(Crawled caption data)
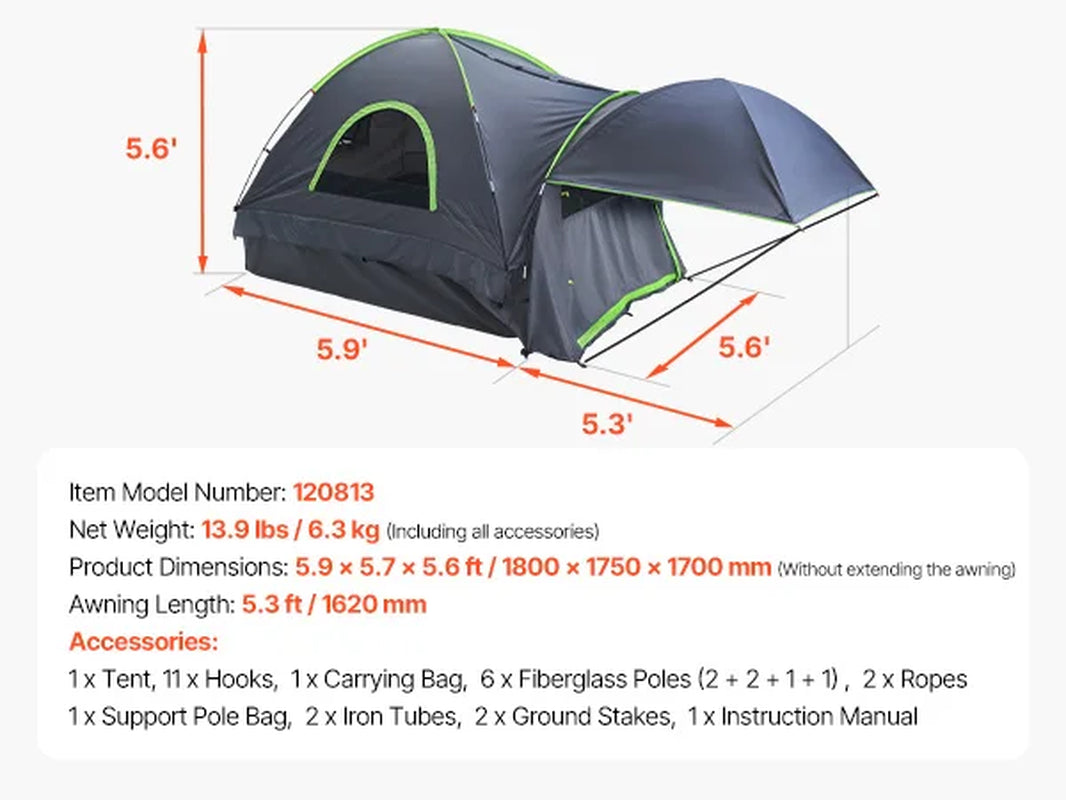 Pickup Truck Tent for Camping Waterproof PU2000 2-3 Person Truck Bed Tent Truck Bed Camper Shell with Expandable Awning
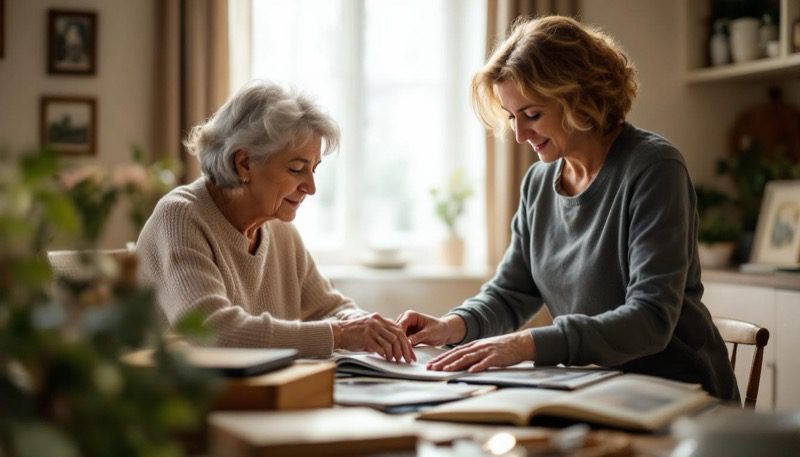 Family member and estate professional carefully sorting through keepsakes and photo albums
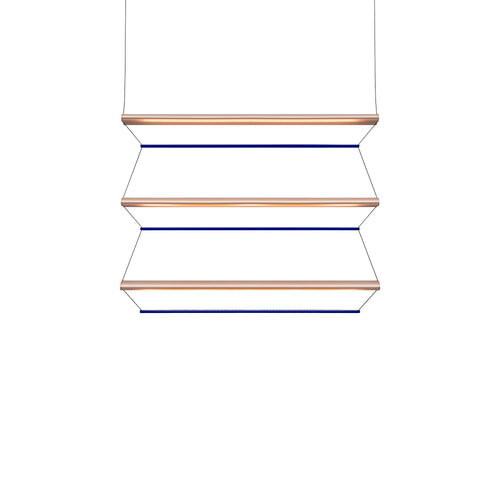 Tier 150 Vertical Pendant Light: 3V + Anodized Copper + Sapphire
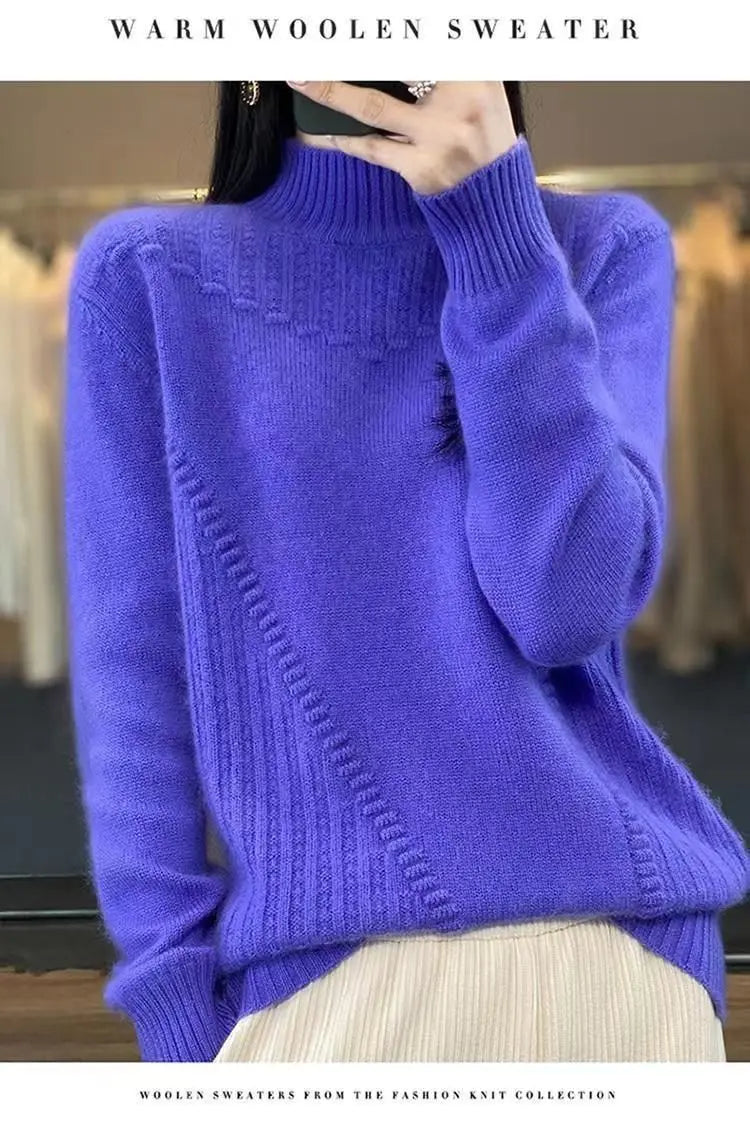 2024 herbst Neue Lose frauen Halb-rollkragen Verdickt Einfarbig Einfache Häkeln Beiläufige Gestrickte Pullover Pullover Top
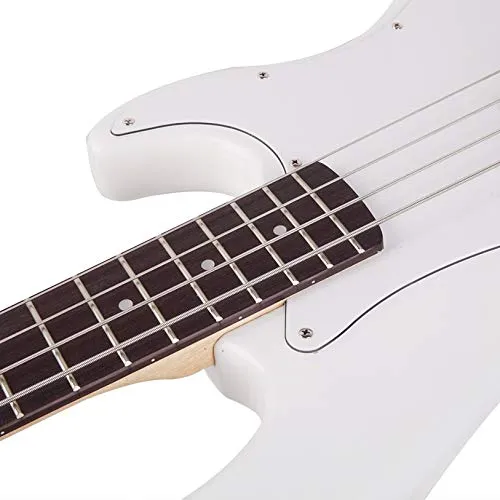 Exquisite Burning Fire Style Electric Bass Guitar White - Beginner Kits, Stylish Bass Guitar, Premium Quality & Affordable Musical Instrument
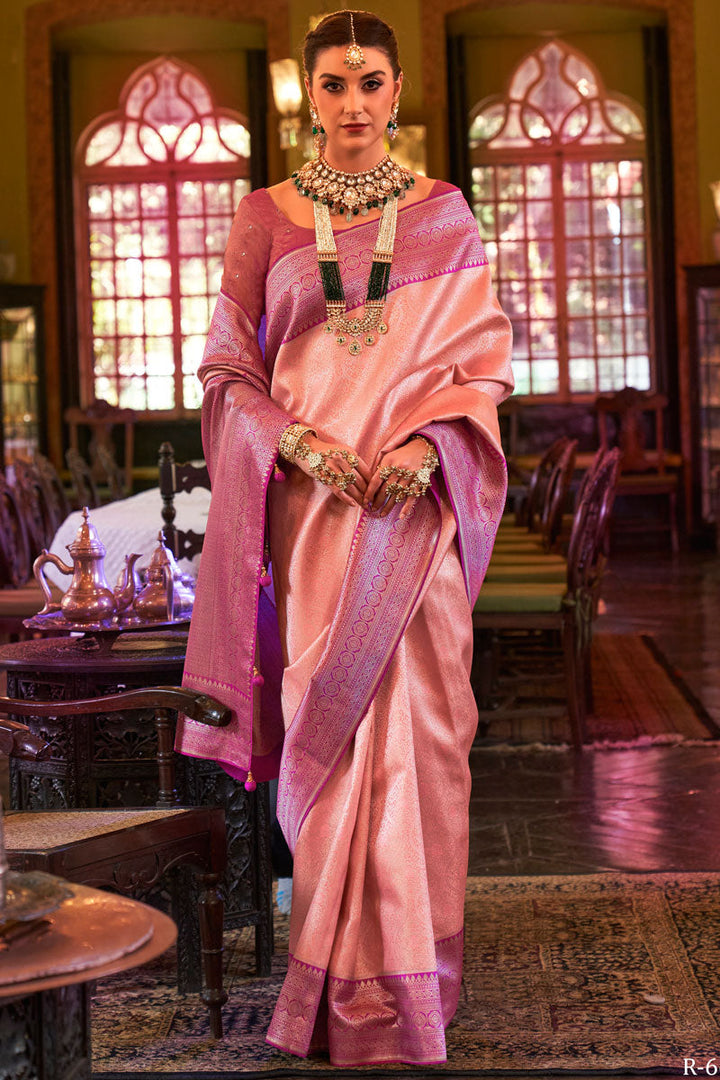 Peach Kanjivaram Silk Saree With Weaving Work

▸ **Description of the task**
Could you transcribe exactly the lines from the line containing "Family member and" through the final line of the records, both included, and nothing beyond them? The pictures should be left out.

▸ **Solution for this problem**
 Family member and estate professional carefully sorting through keepsakes and photo albums
 Tier 150 Vertical Pendant Light: 3V + Anodized Copper + Sapphire
 2024 herbst Neue Lose frauen Halb-rollkragen Verdickt Einfarbig Einfache Häkeln Beiläufige Gestrickte Pullover Pullover Top
 Exquisite Burning Fire Style Electric Bass Guitar White - Beginner Kits, Stylish Bass Guitar, Premium Quality & Affordable Musical Instrument
 Peach Kanjivaram Silk Saree With Weaving Work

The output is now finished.